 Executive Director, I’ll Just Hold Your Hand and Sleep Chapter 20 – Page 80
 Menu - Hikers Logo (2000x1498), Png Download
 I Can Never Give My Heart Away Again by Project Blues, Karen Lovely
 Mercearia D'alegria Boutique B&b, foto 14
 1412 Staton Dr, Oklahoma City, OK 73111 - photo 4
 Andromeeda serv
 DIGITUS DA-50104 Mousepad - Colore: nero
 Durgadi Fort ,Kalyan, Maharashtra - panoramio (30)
...
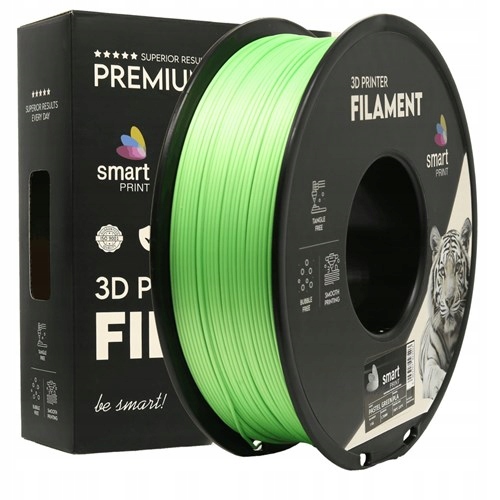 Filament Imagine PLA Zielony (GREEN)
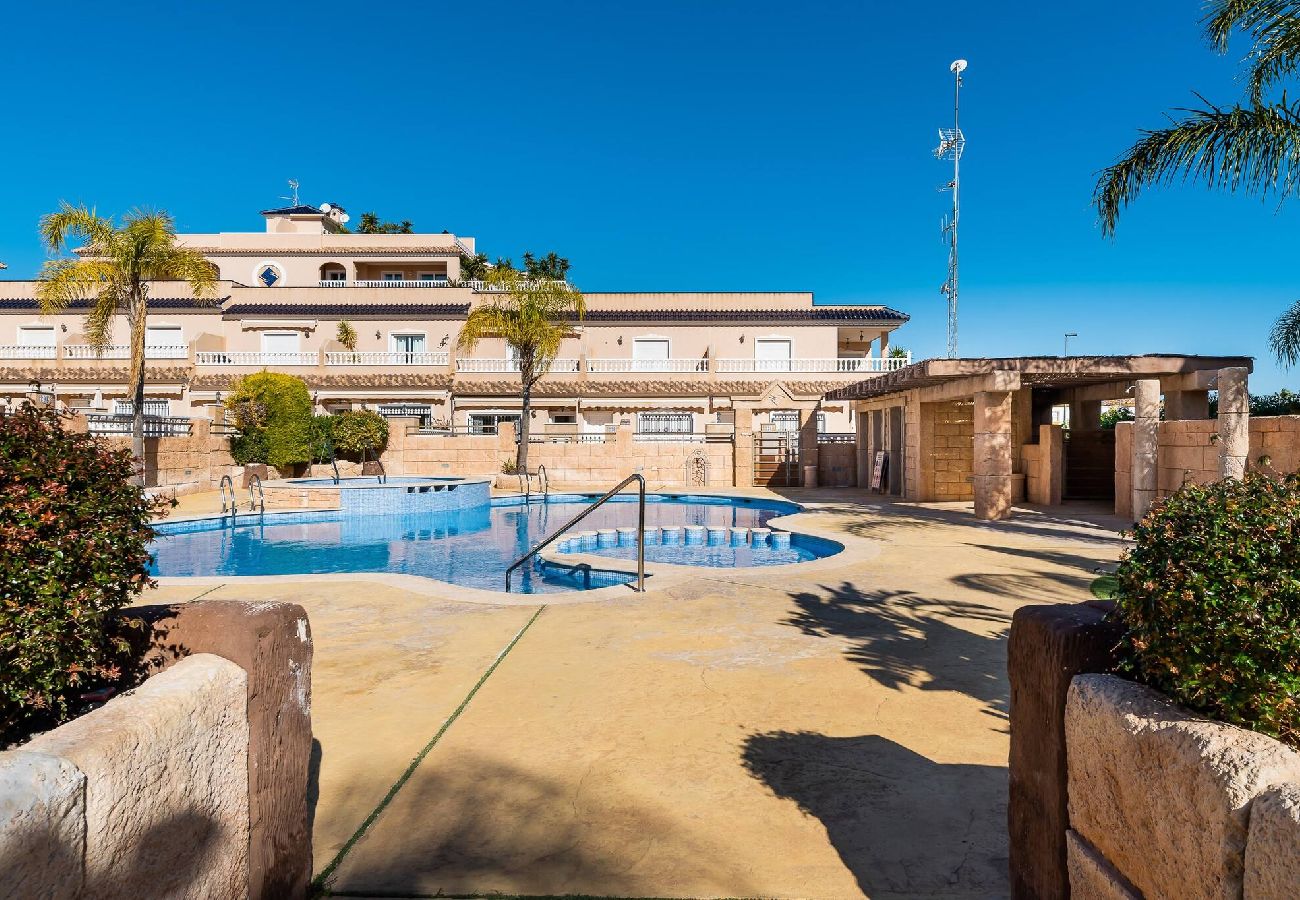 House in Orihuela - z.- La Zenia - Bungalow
--
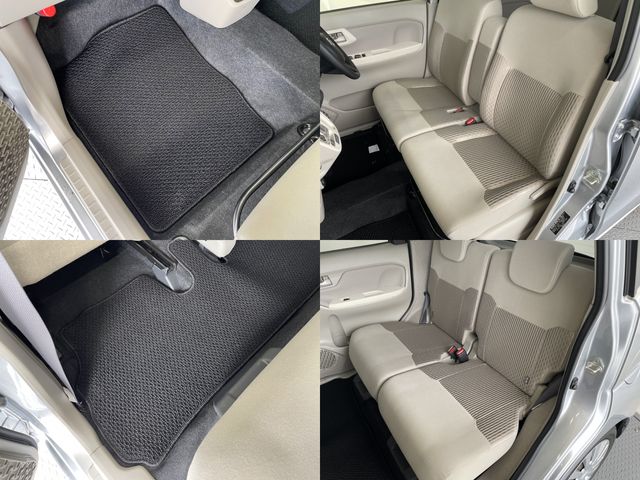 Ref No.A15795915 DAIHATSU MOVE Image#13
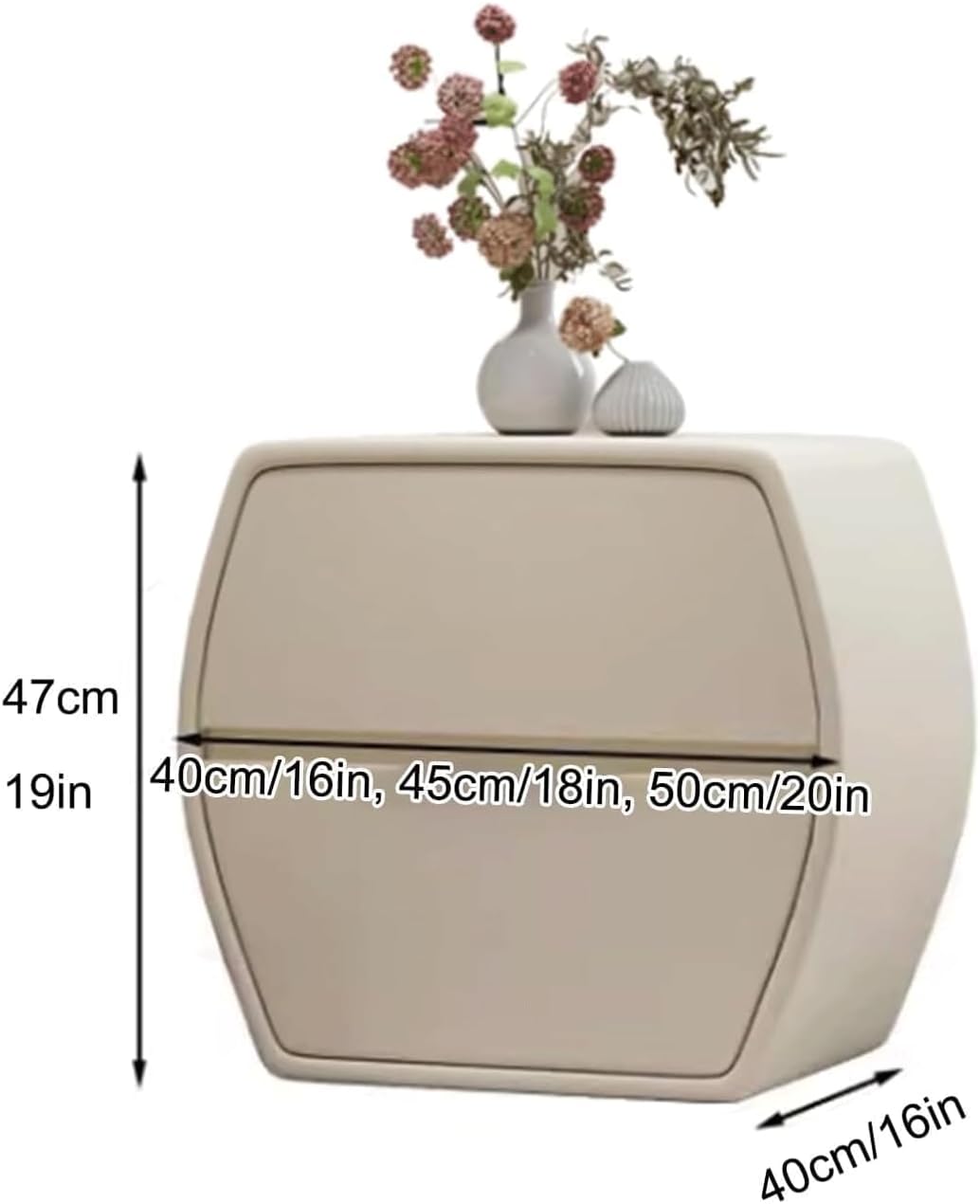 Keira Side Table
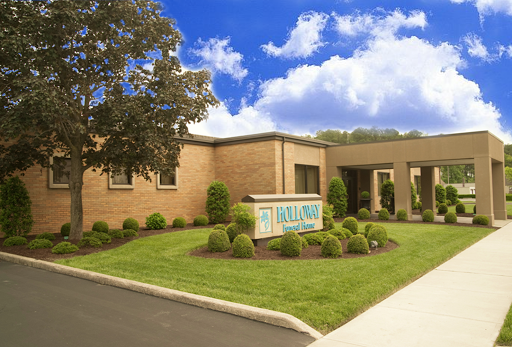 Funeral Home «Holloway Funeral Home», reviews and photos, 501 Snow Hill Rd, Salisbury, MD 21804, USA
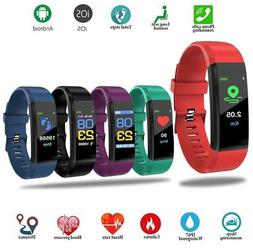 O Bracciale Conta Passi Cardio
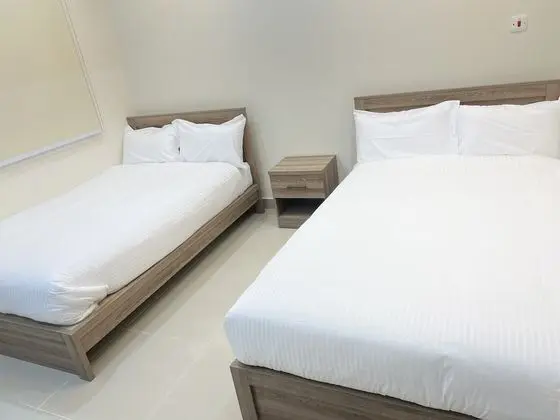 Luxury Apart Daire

__YOUR OBJECTIVE__. Repeat exactly the lines above, beginning at the one containing "O Bracciale Conta Passi Cardio" and ending at the one containing "Luxury Apart Daire". Do not carry over any pictures.

__SOLUTION TO THIS EXERCISE__.
 O Bracciale Conta Passi Cardio
 Luxury Apart Daire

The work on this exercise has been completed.